The Myth of Matriarchal Prehistory: Why An Invented Past Will Not Give Women a Future is a book by Cynthia Eller that deconstructs the theory of a prehistoric matriarchy. This hypothesis developed in 19th century scholarship and taken up by 1970s second wave feminism following Marija Gimbutas. Eller, a professor of Women's Studies and Religious Studies at Montclair State University, argues in the book that this theory is mistaken and its continued defence as harmful to the feminist agenda.
Eller sets out to debunk what she describes as feminist matriarchism as an "ennobling lie".[1] She argues that the feminist archaeology of Marija Gimbutas had a large part in constructing a myth of historical matriarchy by examining Eastern Europe cultures that she asserts, by and large, never really bore any resemblance in character to the alleged universal matriarchy suggested by Gimbutas or Graves.

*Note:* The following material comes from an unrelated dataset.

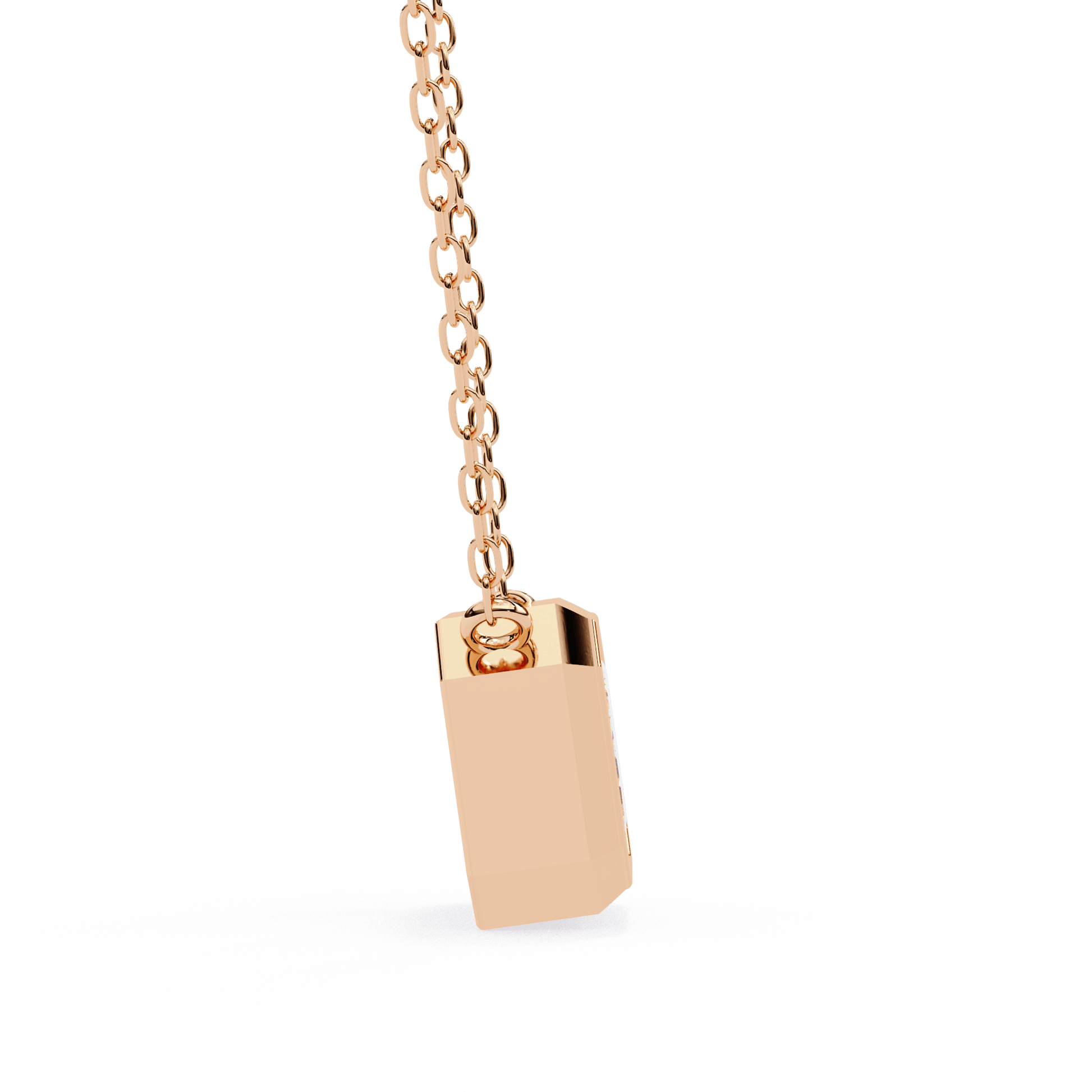 Dana bezel-set emerald-cut diamond solitaire pendant by Carat House Dubai, showcasing a sleek, elegant diamond pendant on a delicate chain.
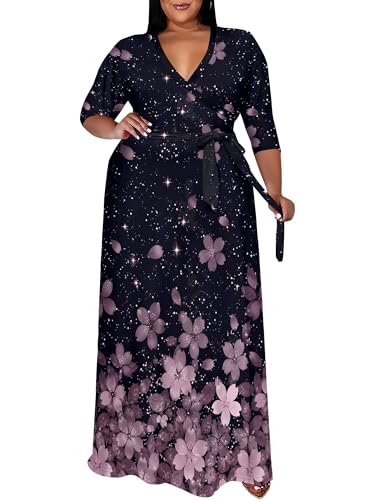 Image of PinkPatty Women's Plus Size Maxi Dress Print 3 /4 Sleeves V Neck Party Sundress Wedding Guest Dresses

She asserts that in "actually documented primitive societies" of recent (historical) times, paternity is never ignored and that the sacred status of goddesses does not automatically increase female social status, and believes that this affirms that utopian matriarchy is simply an inversion of antifeminism.
Eller concludes that "inventing prehistoric ages in which women and men lived in harmony and equality is a burden that feminists need not, and should not bear." In her view, the "matriarchal myth" tarnishes the feminist movement by leaving it open to accusations of "vacuousness and irrelevance that we cannot afford to court."
Marler (2003) bemoans that Eller, who in her 1993 Living in the Lap of the Goddess had been "hailed by leading spiritual feminists as an illuminating study of the feminist spirituality movement in America" with her 2000 book contributed to "eviscerating" the same movement.